But putting crypto into a traditional investment wrapper does not paper over the underlying risks. Here’s a look at how it works:
What is an exchange-traded fund?
Exchange-traded funds are similar to mutual funds, but they can be traded on an exchange like a stock. ETFs track the performance of the assets they hold, which might include a diversified basket of securities like stock or bonds, or even single commodities, like gold, silver and crypto.
They were initially designed to track indexes (like the S&P 500) or spheres of the market and were heralded for their low costs and tax efficiency. But they’ve grown in popularity in recent years. Many ETFs now track narrower and more esoteric slices of the markets, while others use leverage to magnify bets on a specific stock or sector or the market overall.
What is a Bitcoin ETF?
The Bitcoin exchange-traded products that recently started trading are designed to track Bitcoin’s price, minus the fees and cost of trading. This throws open the gates to any investors with a traditional brokerage account who can now buy the shares as if they were buying stock in Apple or Google.
These investments are similar to gold exchange-traded products, which provide an easier way to get exposure to gold without holding the gold bars themselves.
There are several other ways to gain direct exposure to Bitcoin, including through crypto exchanges as well as specialised digital wallets. But with Bitcoin ETFs, you’re delegating the complicated part to large financial institutions, meaning you don’t have to worry about “hot wallets”, “cold storage” and lost passwords that can forever lock you out from access to your Bitcoin.
Didn’t Bitcoin ETFs already exist?
Yes, but they’re different: ETFs that invest in Bitcoin futures contracts — or agreements to buy or sell an asset at a certain price sometime later — have been around since 2021. The reason the new products are called “spot” Bitcoin ETFs is that they’re holding Bitcoin itself, not a derivative that provides secondary exposure. So-called spot markets trade something, often some type of commodity, on the spot, or instantly.
The futures-based Bitcoin ETFs can end up being more expensive because the contracts expire and must be sold and repurchased, or “rolled”, each month. Those costs can be potentially significant, particularly when the new contracts cost more than the previous month’s, causing managers to buy high and sell low.
VanEck recently said it would shutter its Bitcoin futures ETF now that it offered a spot version.
Do the new products come with any investor protections?
The new Bitcoin products are not your standard-issue exchange-traded funds, which, like mutual funds, are typically registered under the Investment Company Act of 1940 and come with more regulatory protections than these investments.

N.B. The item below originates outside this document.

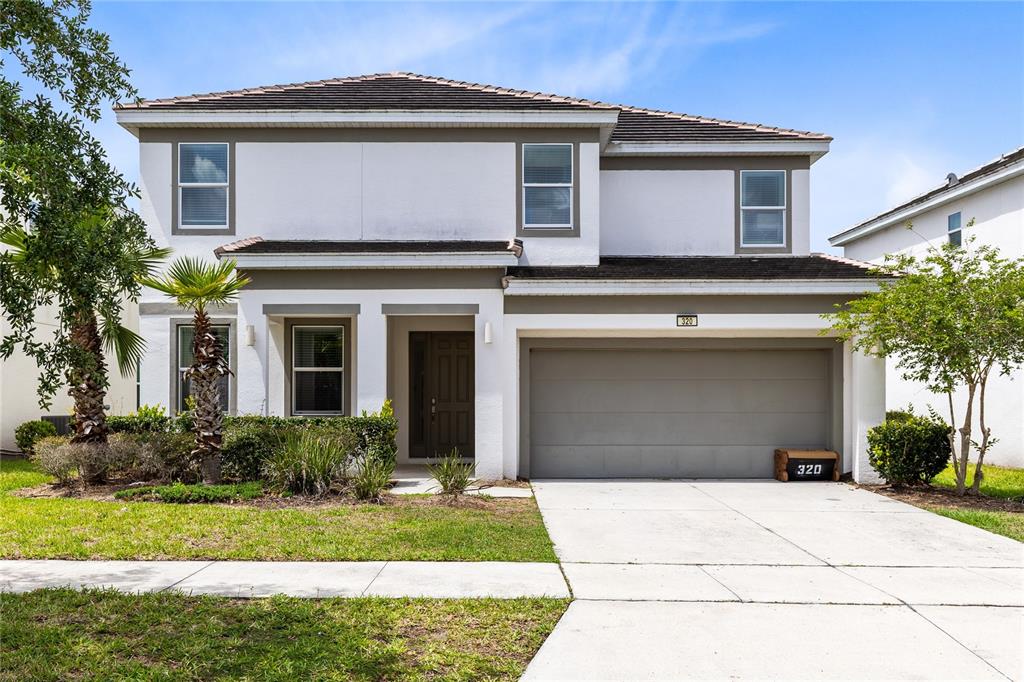 A two-story house with a white exterior, a two-car garage, and a front lawn — 320 BALLO DRIVE, KISSIMMEE, FL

Instead, these “exchange-traded products” are subject to looser controls around their fees and conflicts of interest. In addition, the Securities and Exchange Commission doesn’t have the same authority to conduct examinations of these products as with typical ETFs.

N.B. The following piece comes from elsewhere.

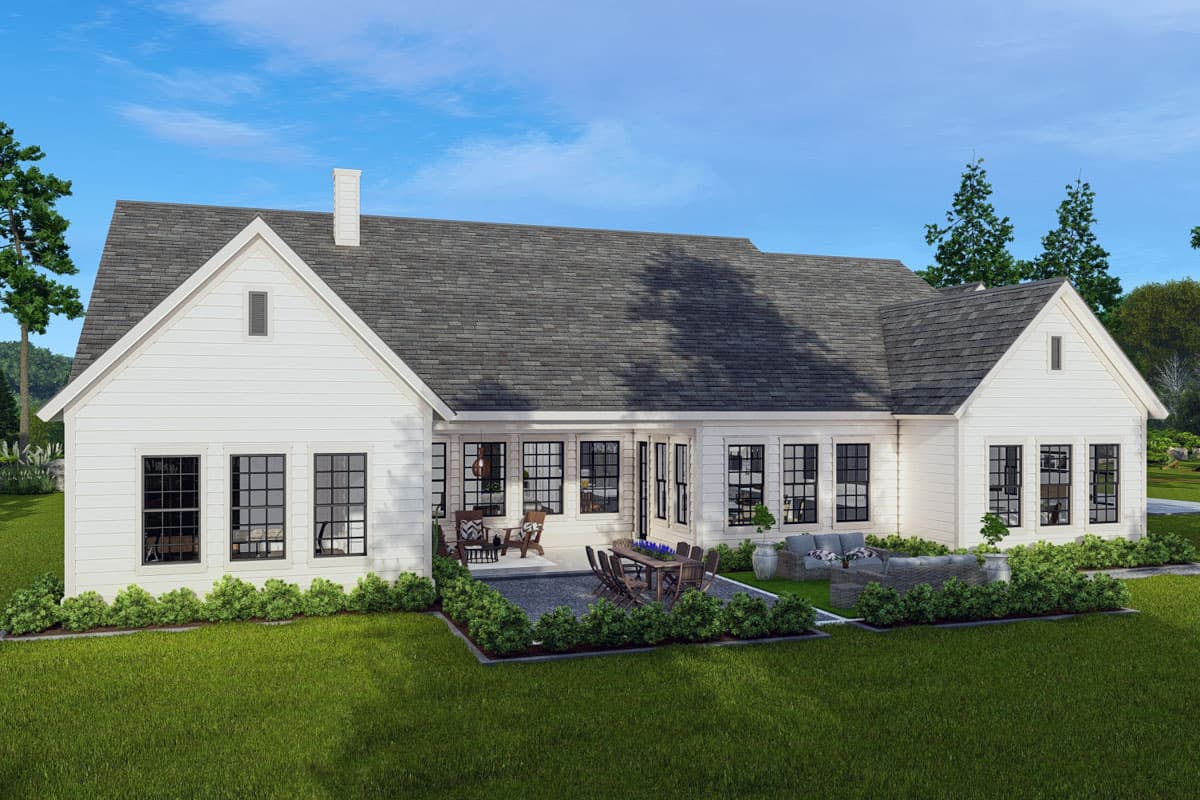 Modern Farmhouse house plan exterior with gables, chimney, and large windows. Features a patio with outdoor dining and seating.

If you’re considering making a small bet, take the time to read the product’s prospectus, which is a typically dense and lengthy document that explains an investment’s objective, high risks, costs and other pertinent information.
The prospectus for the Fidelity Wise Origin Bitcoin Fund is 112 pages, but you need to read only six paragraphs before you’re hit over the head with the following, in all caps: THE SHARES ARE SPECULATIVE SECURITIES. THEIR PURCHASE INVOLVES A HIGH DEGREE OF RISK AND YOU COULD LOSE YOUR ENTIRE INVESTMENT. Disclosures from other providers use the same language.
Does the SEC’s approval suggest these investment products are safe for ordinary investors?
Nope. Just because everyday investors have been granted easy access in a well-known investment wrapper does not change anything about the underlying holdings.
Crypto supporters had been pushing for a Bitcoin ETF for more than a decade, but the SEC rebuffed them, arguing that the market was awash with fraud and subject to manipulation. (More than 20 related products were denied approval in recent years.)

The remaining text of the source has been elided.